WHAT IS A BOT?
A bot is a software that performs automated tasks without human interference. They are used to imitate a human behaviour. Let’s say you are in a site, and would like to know some basic information about the product. The site owner can install a bot and feed the information that a first time visitor might need.
The bot picks up the keywords from your question and provides you with the answer you need. It is capable of answering multiple such questions at the same time. Where as assigning a human to do this work might cost you a lot of time and money. They are used to do tasks faster than humans.
Post Quick Links
Jump straight to the section of the post you want to read:
HOW TO DETECT GOOD AND BAD BOTS?
A bot is an internet robot. They occupy the largest place in the internet and are used to scan content, interact with users, find targets etc. While bots are used to make work easier there are some examples of bad bots. In 2018, 37.9% of the traffic weren't done by humans.
Good bots constitute to about 17.5% of the internet according to distill networks. They help in serving the customers better and making work easier for the organization
Servers generally follow rules to counteract bots.
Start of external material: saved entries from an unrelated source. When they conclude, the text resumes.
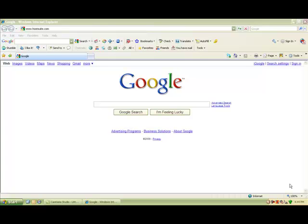Go to www.hootsuite.com and what this is a great tool for is setting up multiple Twitter accounts and managing them all with one great tool.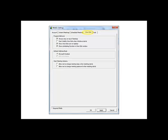On the One Click tab, under Program Behavior, place a check in the Always Stay on Top of Desktop checkbox. Also check Show One Click Icon on Taskbar and Show Scheduling Function in One Click Window. Also make sure that Microsoft Outlook is set as the default address book.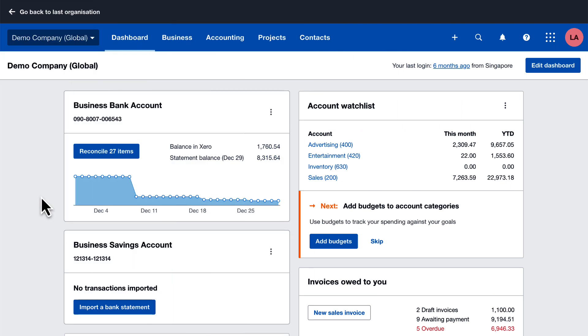Xero has some powerful features to help you reconcile your bank really quickly and easily. In this video we look at matching.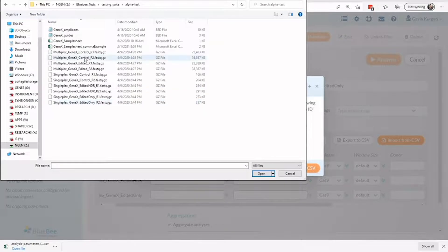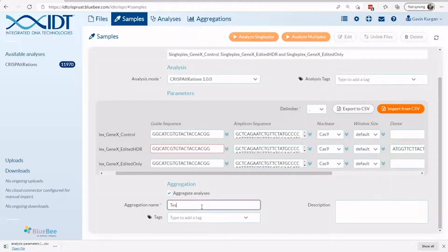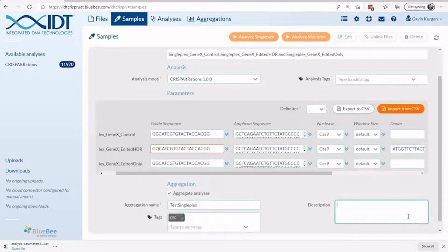From here, we can give our run an aggregated name under which all data can be summarized, add additional metadata and descriptions, and start our run.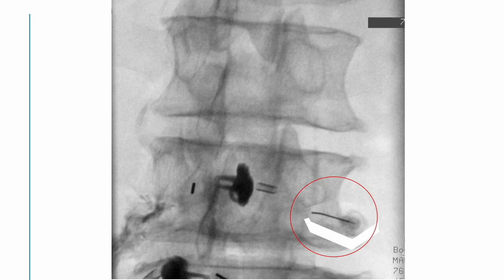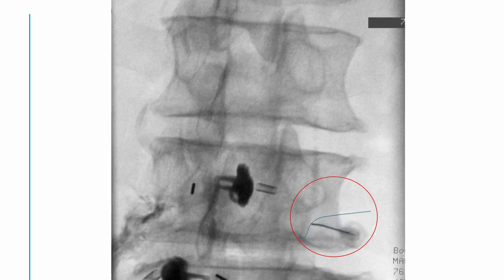The ideal entry point and target for the right L4 transforaminal approach should be here. But I cannot enter there because of inferior displacement of the transverse process and hypertrophic articular process, so I had to go more inferiorly.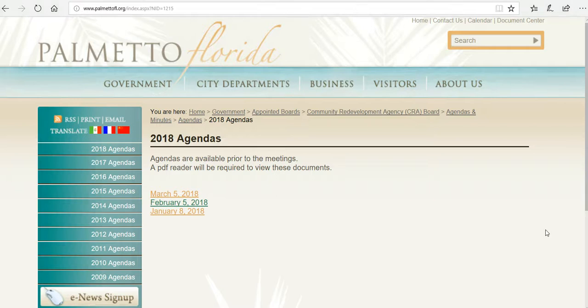Good morning. This is Jeff Burton with the Palmetto Community Redevelopment Agency. This is a video overview of the Palmetto Community Redevelopment Agency March 5, 2018 meeting. It is currently on YouTube, should be on our Facebook page, and available for all to view.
They implement a robots.txt file stating the bot’s behaviour. If a bot does not follow the rules then the server should deny access permission and be removed from the website. But if the only restriction is the file, and no other measures have been taken then there is no way to enforce these rules. If a bot does not follow these rules then it is called a bad bot.
Bad bots are used to perform DOS (Denial of Service attacks), steal sensitive information and perform miscellaneous activities. According to a survey done in 2018 by Distil Networks, one in 5 sites were accessed by bad bots, which sums up to roughly 20% of the internet.
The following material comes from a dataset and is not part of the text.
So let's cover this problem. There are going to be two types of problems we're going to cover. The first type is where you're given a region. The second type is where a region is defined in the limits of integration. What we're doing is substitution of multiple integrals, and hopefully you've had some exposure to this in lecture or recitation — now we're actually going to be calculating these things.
These bots are organized in botnets and controlled by C&Cs (Command & Control Servers). This centralization makes it easy for a bot to take down.
Distill Networks quotes that, Based on the analysis of hundreds of billions of bad bot requests over 2018, simple bots, which are easy to detect and defend against, accounted for 26.4 percent of bad bot traffic. Meanwhile, 52.5 percent came from those considered to be "moderately" sophisticated, equipped with the capability to use headless browser software as well as JavaScript to conduct illicit activities.
A total of 73.6 percent of bad bots are classified as Advanced Persistent Bots (APBs), which are able to cycle through random IP addresses, switch their digital identities, and mimic human behavior.
It is found that about 50 percentage of bad bots use Google Chrome and 73.6 percent of bad bot traffic are originated from Data Centers. Amazon recorded the maximum in bad bot trafficking origin with 20%.
BAD BOTS DETECTION IN DIFFERENT INDUSTRIES
Every industry is affected because of bad bots.
A few of them are:
1 . Airlines: Bots are mostly used here to scrape content such as flight information, pricing, and seat availability. Sometimes, fraudsters attempt to break in to a customer account and steal their loyalty points and stored credit card information.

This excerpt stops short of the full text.